昭和の初めの住宅街と下町の商店街、そして大商業施設…そんな「西宮北口」の100年前の姿は?
西宮北口駅北東に聳えるアクタ西宮は、その被害からの復興で生まれた、再開発ビルなのである。
西宮市は震災後直ちにこのエリアの復興計画を策定し、大きな再開発ビルを建設する方針を定めた。途中、仮設の「ポンテリカ北口」(逆から読んでみましょう)が建設されて凌ぎつつ、2001年にはアクタ西宮がオープン。震災前にこの地にあった店のうち、約50店舗がアクタ西宮に入って営業を継続することができた。
つまり、少し遡って震災前の風景もあわせて思い浮かべてみれば、この駅の北西側は昭和初めからの高級住宅地、そして北東側には小さな店がひしめく下町感の強い商店街という、端から見れば真反対とも思えるような町が並び立っていたということになる。
それが震災での被害を経て、2000年代初め頃にアクタ西宮を皮切りとして南側にも西宮ガーデンズや文化センターが誕生していまの西宮北口駅を形作ってきたのである。
最初に西宮北口駅が開業したのは、1920年のことだ。その当時、駅周辺にはため池があって狐が出るような、つまりは不毛の地であった。所在地も西宮ではなく瓦木村といった。
ただ、西宮神社で名高い西宮の市街地のすぐ北側にあったからなのだろう、阪急は「西宮北口駅」と名付けた。瓦木村の人々は不満を抱いたそうだ。が、いまとなってみれば大正解である。
1921年には阪急今津線が開業し、ターミナルとしての第一歩を刻む。阪急は周辺を住宅地として開発するとともに、今津線沿線に関西学院大学などを誘致。さらに、1937年には日本初の二階内野スタンドを持つ西宮球場もオープンし、阪急ブレーブスの本拠地として存在感を高めた。
戦後しばらくまでブレーブスは低迷したが、60年代後半からは黄金時代。パ・リーグの強豪として名を馳せ、西宮球場とその周辺のニシキタもたいそう賑わった。
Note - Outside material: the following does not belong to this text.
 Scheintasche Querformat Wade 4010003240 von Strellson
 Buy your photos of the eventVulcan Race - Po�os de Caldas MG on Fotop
なお、戦時中には西宮の旧市街が空襲被害を受けたが、ニシキタ周辺の被害は軽微で済んでいる。その幸運と、阪急ブレーブスの存在が、戦後の復興期において西宮北口駅のターミナル性を高めることにつながったことは間違いないだろう。広島カープが広島の人々にとって復興の象徴だったのと同じように、ブレーブスも西宮においては復興のシンボルだったのである。